Developmental genetic and molecular ecological properties of rice (Oryza sativa L.) grain filling

From the perspectives of developmental genetics and molecular ecology, this study reviewed the current state and issues of local and international rice grain-filling research. The authors contended that rice grain development was a complicated molecular ecological process, involving signal transductions, multi-gene regulations and environmental interactions. Different gene expressions in space and time, coupled with the action modes of functional proteins in superior and inferior grains caused significant differences in developmental programs of endosperm cells, grain-filling rates and dry matter accumulation at different spikelet positions on the panicle. Previous studies showed that superior grains were usually filled earlier and faster, leading to a significant genetic stability.
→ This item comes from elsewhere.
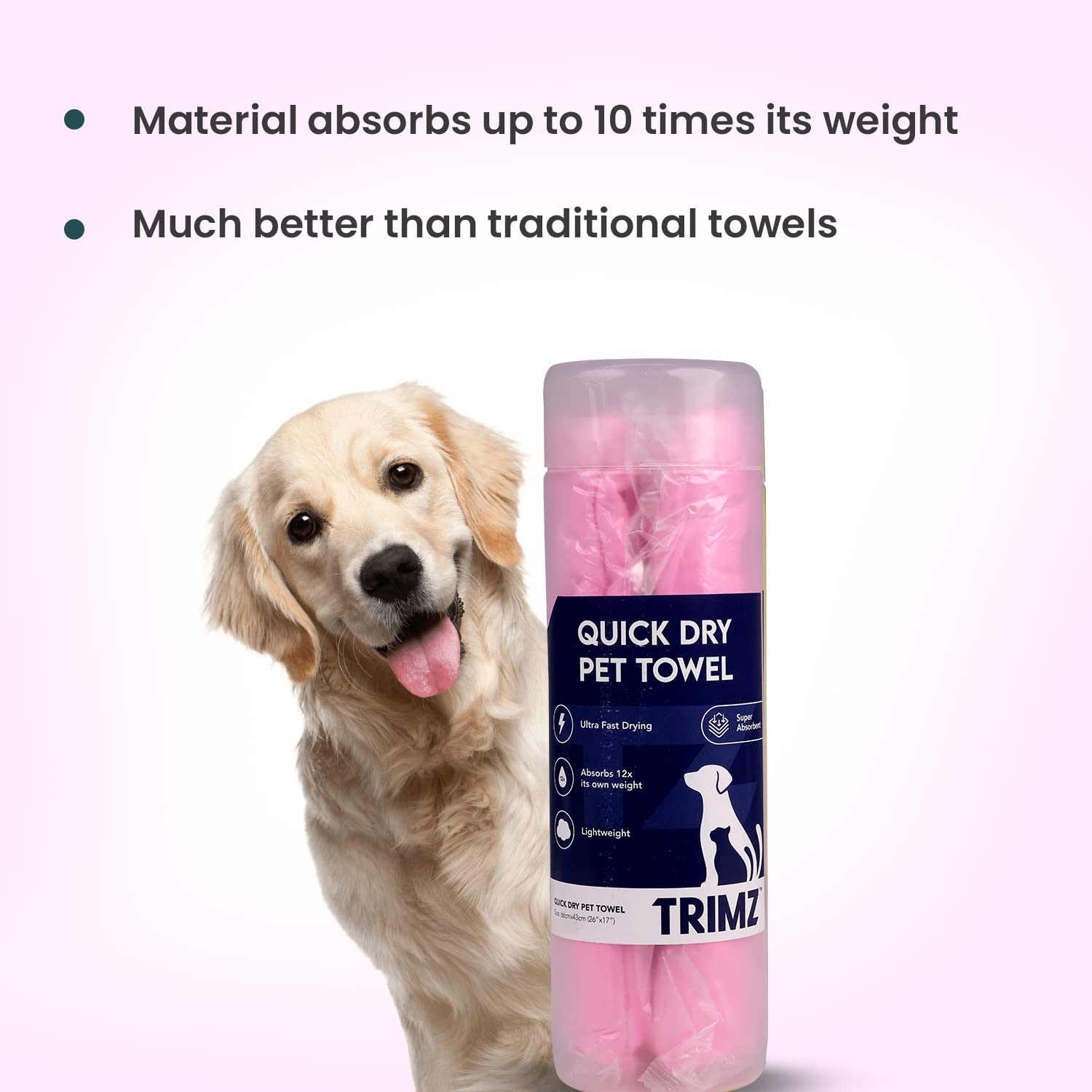 TRIMZ QUICK DRY ABSORPTION TOWEL GREEN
The reverse was true for inferior grains, where stagnant and poor properties were associated with seed development and grain filling. It was noted that genetic characters were easily regulated by environmental factors during inferior rice grain-filling. Molecular genetic manipulations and molecular ecological regulations were two effective ways of improving inferior grain endosperm cell development, timely initiation of inferior grain filling, high percent setting and 1000-grain weight, and high yield. It was therefore emphasized to deeply understand the underlying mechanisms and properties of genetic ecology in grain filling (and especially in inferior grain-filling processes). This had become a priority grain production research area across the globe. Based on current understandings, it was suggested to focus further studies on investigating and answering the critical scientific questions of why there existed a stagnant phase in inferior grain filling and how different were protein expressions and associated functions of relevant genes between superior and inferior grains during the period of grain-filling.